Once we're happy with how complex the plot is, there's a stage that takes that
final plot tree, removes any remaining `*`'s, and flattens it, producing a tree
like:

    [IntroduceCharacters, JewelsStolen, JewelsRecovered, CharactersConvalesce]

And from that, the generator can print out a fairly nice synopsis.

(Note that flattening a tree like this is a convenient thing to do at various
points in the pipeline.  Just because a list _can_ contain embedded sublists
doesn't mean it _has_ to.)

Then there's a stage that turns those plot developments into sequences of events.

This is actually a very murky area in the generator, and a lot of it is written
in an ad-hoc fashion, and I'm not happy about that... but for now, let's just
pretend it's simple.  Say it basically looks for particular plot developments,
and replaces them with particular sequences of events, like so:

    IntroduceCharacters → [DescribeBurglar, DescribeDetective]
    JewelsStolen → [BurglarTakesJewels, BurglarEscapes]
    JewelsRecovered → [DetectiveCatchesBurglar, DetectiveTakesJewels]
    CharactersConvalesce → [BurglarEscapes, DetectiveGoesHome]

So the resulting tree after this stage looks like:

    [
        [DescribeBurglar, DescribeDetective],
        [BurglarTakesJewels, BurglarEscapes],
        [DetectiveCatchesBurglar, DetectiveTakesJewels],
        [BurglarEscapes, DetectiveGoesHome],
    ]

Which is then flattened:

    [DescribeBurglar, DescribeDetective, BurglarTakesJewels, BurglarEscapes,
     DetectiveCatchesBurglar, DetectiveTakesJewels, BurglarEscapes, DetectiveGoesHome]

and then ultimately text is generated.  This part is a bit murky too, but for
simplicity, just assume that we go through the tree and for every event we see,
we print out a corresponding sentence:

> The burglar was a tall person.  The detective was a short person.  The burglar took the
> jewels.  The burglar escaped.  The detective caught the burglar.  The detective
> took the jewels.  The burglar escaped.  The detective went home.

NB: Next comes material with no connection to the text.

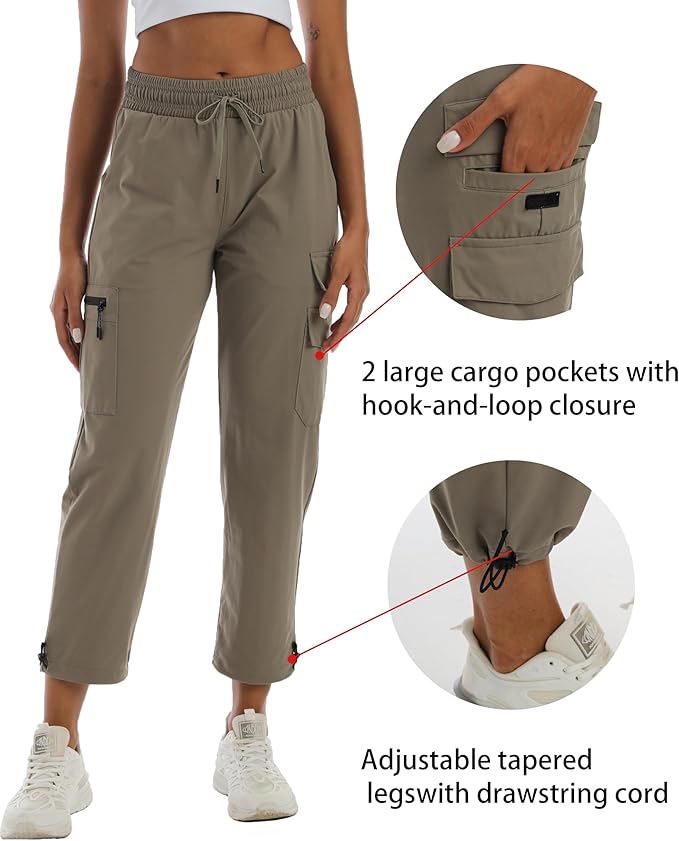 Women's Hiking Pants with Pockets - Travel Lounge Outdoor Quick Drying Lightweight Water Resistant Joggers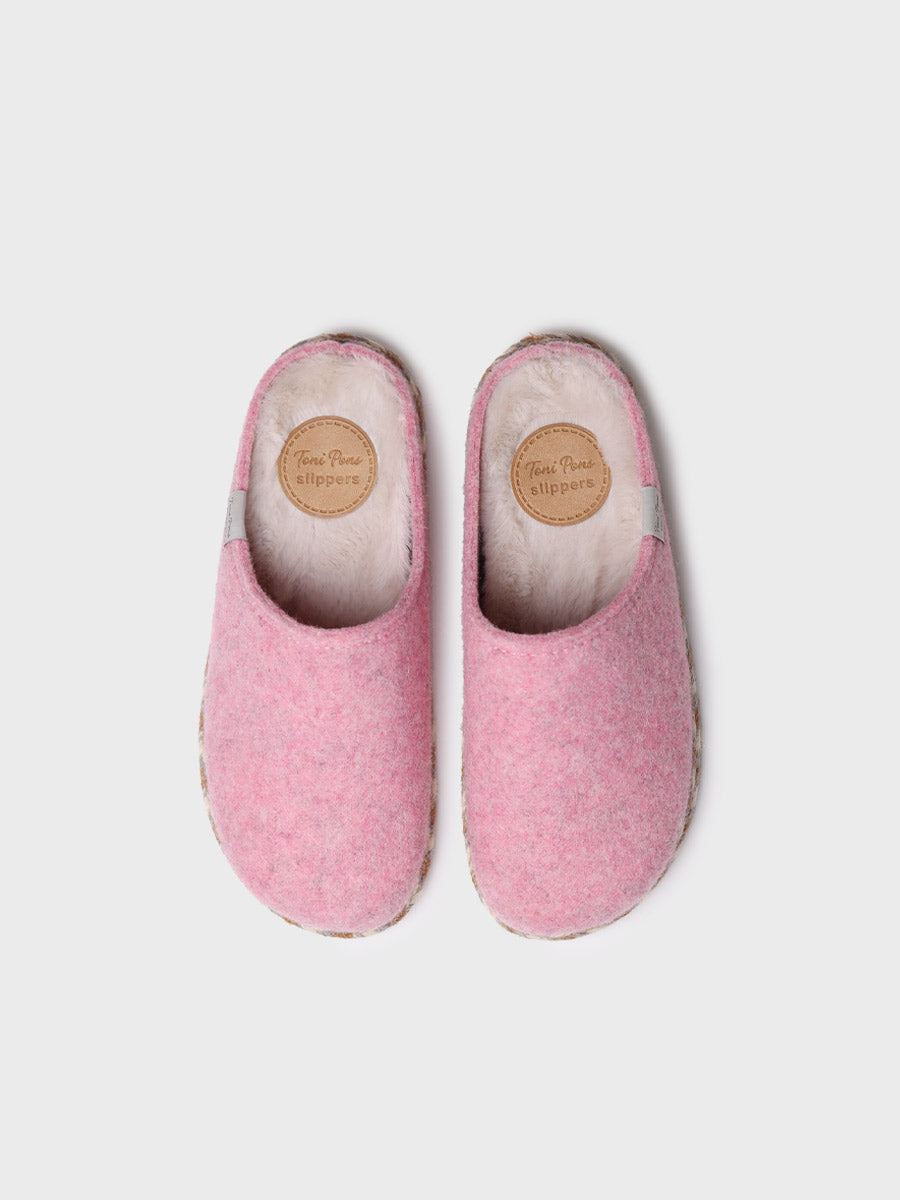 Women's slippers in felt in Pink - DELI-FP-PINK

And there we have a story.

And that is basically how this generator works, if we ignore all the messy details.

### What does a stage actually do? ###

Earlier I mentioned that a stage takes a tree and returns another tree, but that
might leave you wondering how the stage actually does that.

Well, a tree is a recursive data structure, so the easiest way to do that is to
write each stage as a recursive function.  If you're familiar with design patterns,
you may know this as a "visitor".  But if you're not comfortable with recursion,
this may be perplexing at first — it does take a while to wrap your head around it.

I'll give a simple example in pseudo-code.  Say we wanted to take a tree, and
return a new tree where all the events of a certain type have been removed.
(There are actually stages in this generator that do that.)  Say we want to
get rid of all events that involve the burglar, just before we write out the
story.  (We're going for a "Garfield minus Garfield" feel, I guess.)
We could write a stage like this:

    function remove_burglar_events(tree) {
        new_children = []  //  an empty list

        for each child in tree {
            if child is an event that involves the burglar {
                // do nothing!
            } else {
                new_child = remove_burglar_events(child)
                append new_child to new_children
            }
        }

        return new Tree(new_children)
    }

Notice how, in the `else` block, this function calls itself - that's the recursion.  We actually make many new trees, one for each subtree of the tree we're given, and we "glue" them back together to form the new tree that we return to the caller.

Most of the stages in this generator look more or less like that, only with
more complex logic in the middle part.